◆ **Task requirements**
Beginning at the line that contains "Le test du Onkyo TX-NR555" and finishing at the line that contains "Used Nissan Qashqai", output the data below exactly. Include both end lines and no pictures.

◆ **Dataset content**
※

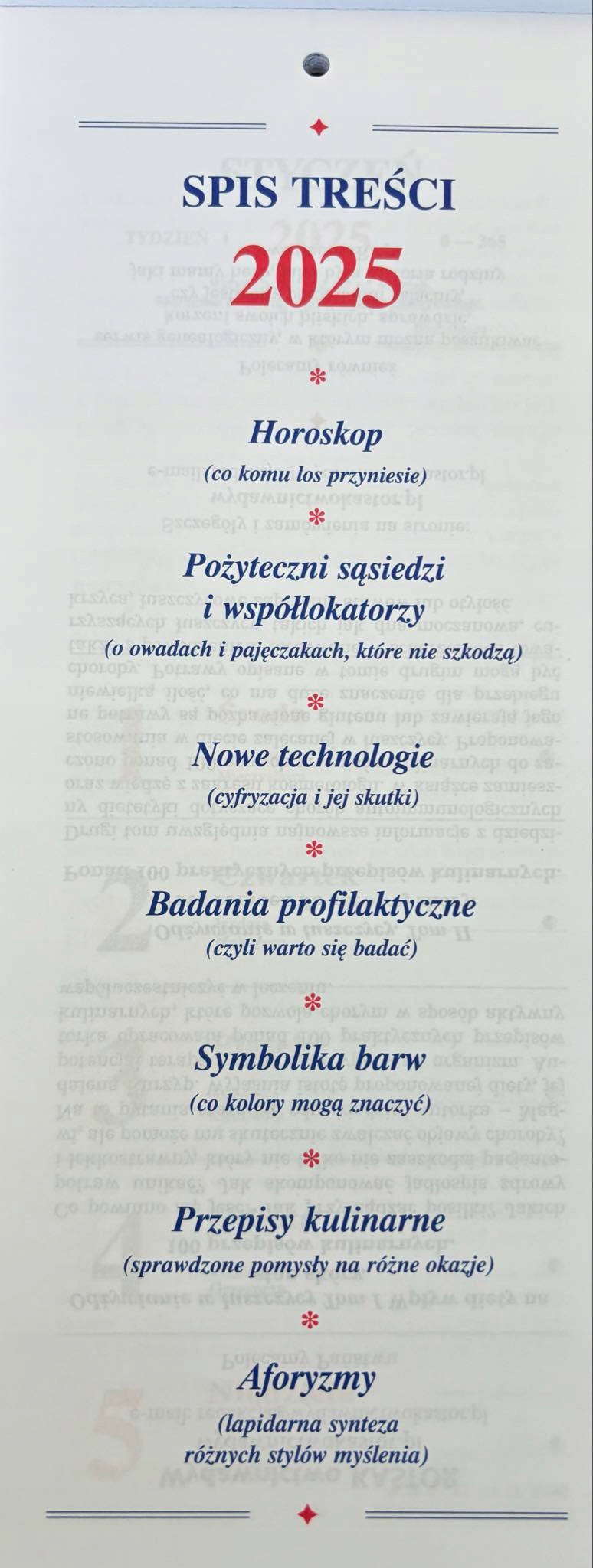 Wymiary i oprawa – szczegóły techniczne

※

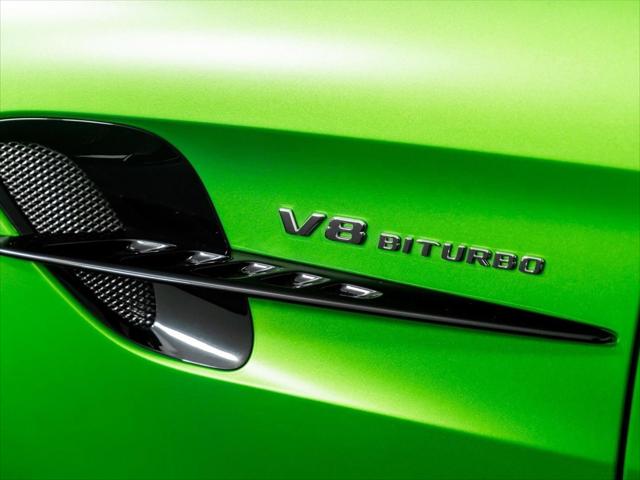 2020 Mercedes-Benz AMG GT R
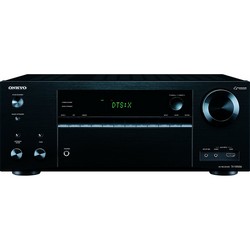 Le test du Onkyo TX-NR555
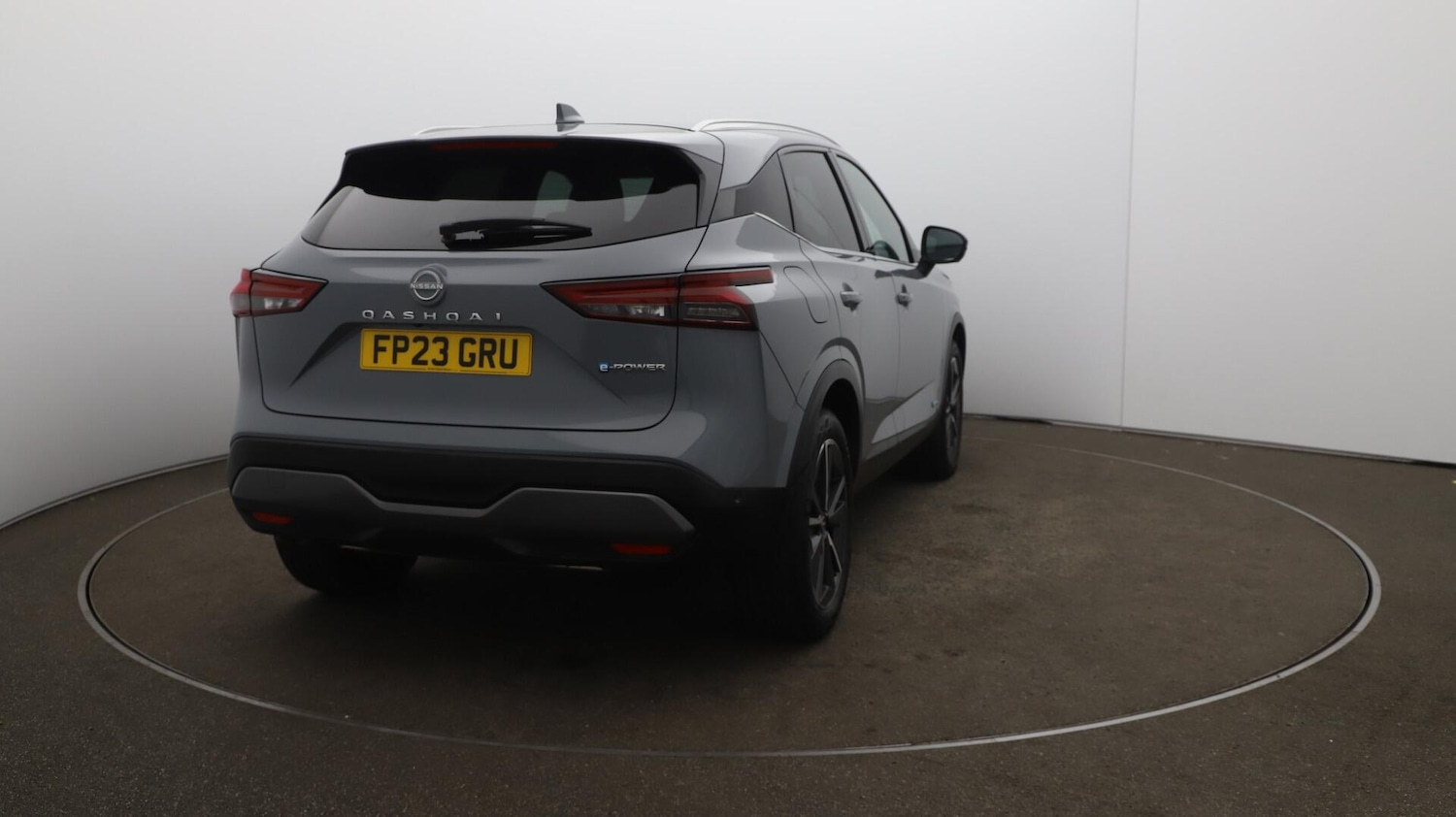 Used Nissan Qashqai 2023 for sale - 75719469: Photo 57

※

◆ **Your solution**
 Le test du Onkyo TX-NR555
 Used Nissan Qashqai 2023 for sale - 75719469: Photo 57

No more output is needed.